Espagne : Diminution de 9,2% des superficies de fraises et ses implications
La phase de plantation des fraises pour la saison 2014-15 vient de se terminer dans la province de Huelva, et les chiffres dévoilés par Freshuelva, l’organisation des producteurs, dessinent un paysage agricole en mutation. Les superficies consacrées à la culture de la fraise s’établissent à 6 340 hectares, marquant ainsi une baisse de 9,2% par rapport à la saison précédente qui en comptait 6 980 hectares. Cette rétractation ramène la région de Huelva aux niveaux de superficie enregistrés lors des campagnes 2011 et 2012. Cette tendance à la baisse des surfaces de fraises soulève des questions quant aux facteurs influençant ces décisions de production et à leurs répercussions sur le marché global des fruits rouges.

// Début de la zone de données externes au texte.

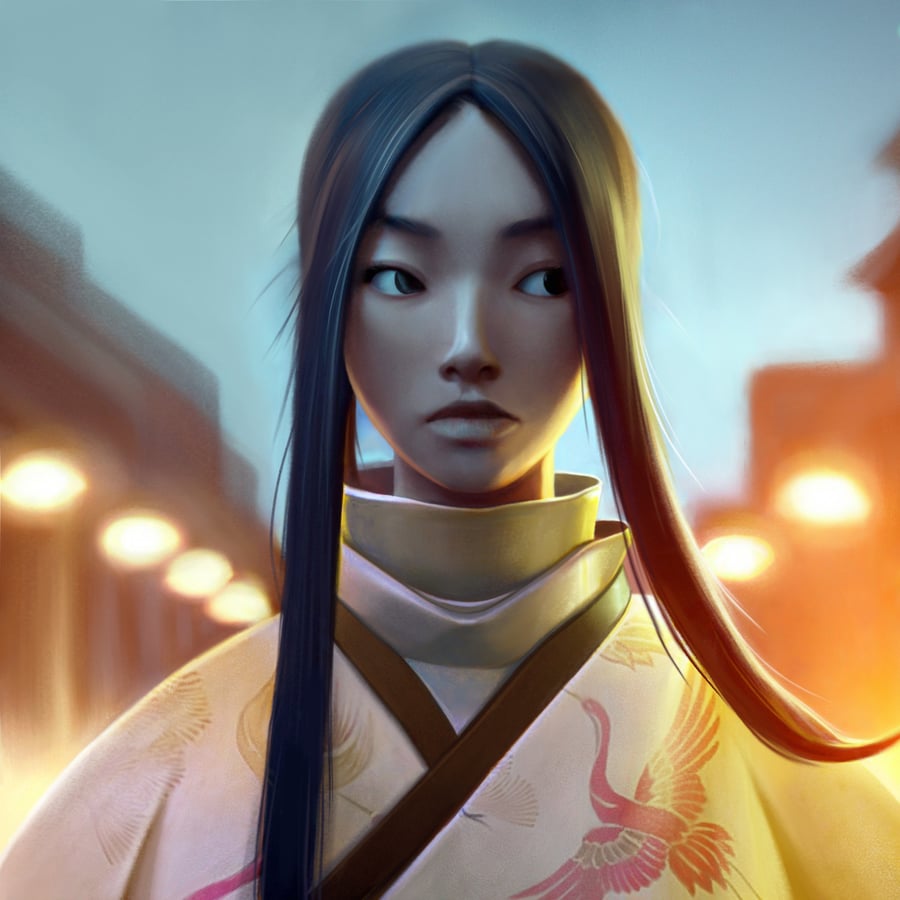 foreveralona_'s tweet photo. 🎁GIVEAWAY: 1 edition of 'Morikami'
https://t.co/KxNhxUX6AB

'Pearls &amp; Jade' collection live on @GamestopNFT this Friday, Nov. 4 @ 4pm EST

1. Retweet &amp; follow🔁
2. Join Discord &amp; enter Giveaways🎉

https://t.co/0BUsxPKMwQ https://t.co/RKhnQ8h2IA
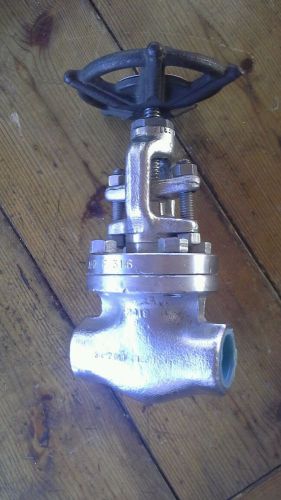 VOGT FLOWSERVE  -  SW12501  -  GLOBE VALVE  (NEW)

Dans un contexte où les attentes des consommateurs en matière de fruits frais sont toujours aussi fortes, cette diminution de la production espagnole de fraises pourrait potentiellement créer des déséquilibres sur le marché. L’Espagne étant l’un des principaux exportateurs mondiaux de fraises, toute variation dans sa production a un impact significatif sur l’approvisionnement des marchés européens et au-delà. La pression du marché mondial, caractérisée par une concurrence accrue et des exigences de qualité toujours plus élevées, pousse les producteurs à réévaluer leurs stratégies. Les fluctuations des coûts de production, qu’il s’agisse des intrants agricoles, de la main-d’œuvre ou de l’énergie, jouent un rôle crucial dans ces ajustements de surfaces cultivées. Les producteurs doivent constamment trouver un équilibre délicat entre le coût de production de la fraise et le prix de vente potentiel, un défi d’autant plus important dans un secteur soumis aux aléas climatiques et aux fluctuations de la demande.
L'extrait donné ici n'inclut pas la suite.